Oscar Robertson, nicknamed “The Big O,” was born November 24, 1938 on a farm in Charlotte, Tennessee. When he was four years old, his family moved to Indianapolis, Indiana. Robertson began playing basketball as a child, using a tin can in place of a ball. Later, when he had an actual basketball, he would dribble it constantly. He later led his high school basketball team to two Indiana state titles.
Following high school, Robertson decided to attend the University of Cincinnati. While on the UC basketball team from 1957 to 1960, he led the nation in scoring. He was a member of the U.S. Olympic Basketball Team in 1960, which won a gold medal in Rome.

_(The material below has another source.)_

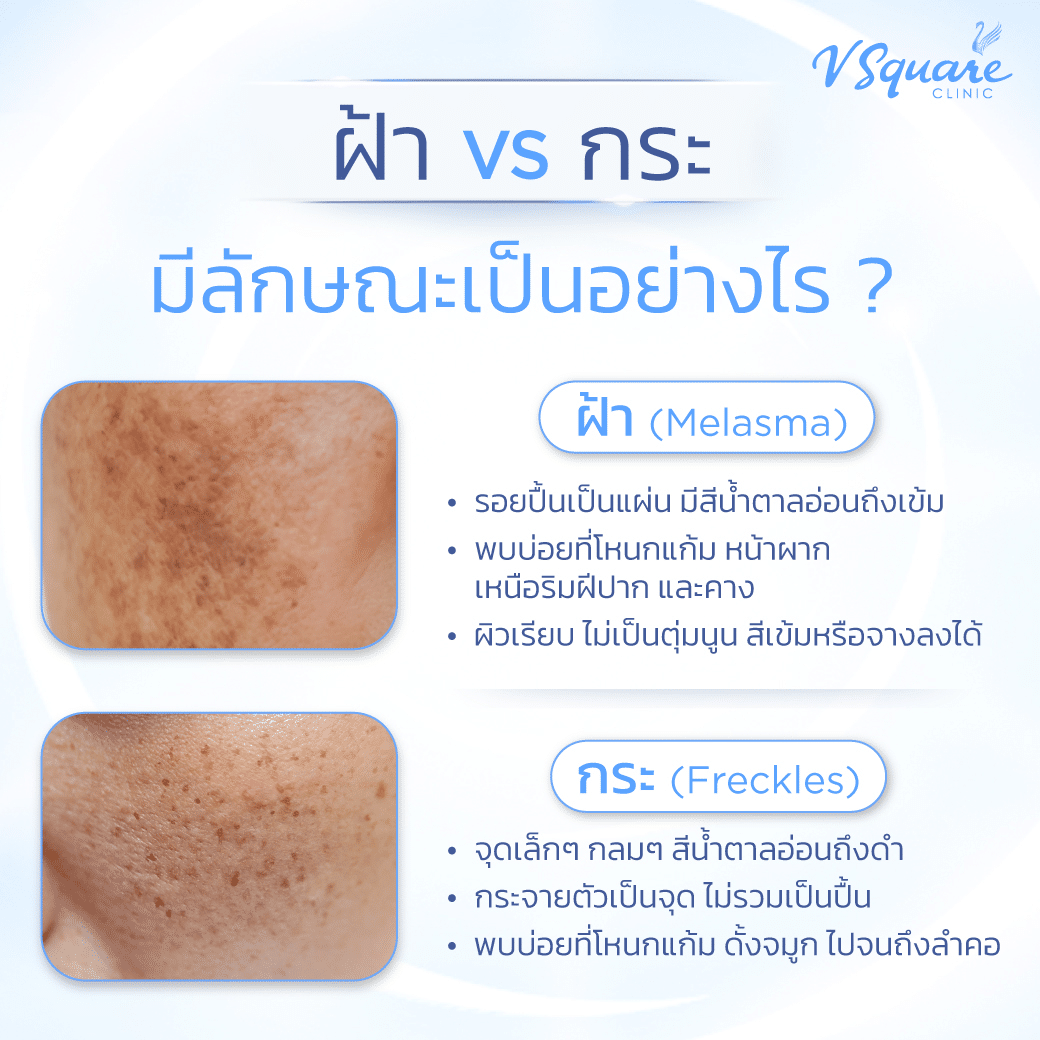 ฝ้า กระ ต่างกันอย่างไร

After leaving UC in 1960, he played in the NBA with the Cincinnati Royals. For the 1961-1962 season, Robertson achieved a “triple-double” average, which means his averages for points, assists and rebounds were in double figures. This accomplishment has yet to be matched by another. Robertson continued to play with the Royals for ten years before he was traded to the Milwaukee Bucks. By the late 1960s, he served as president of the NBA Players Association and helped lead the Bucks to an NBA championship in 1971. Robertson retired from the Bucks in 1974.
Oscar Robertson remains one of the most important names in basketball history and has received many honors. He is a member of the National Basketball Hall of Fame and has been named one of ESPN’s 50 Greatest Athletes of the Century. Robertson currently resides in Cincinnati with his family.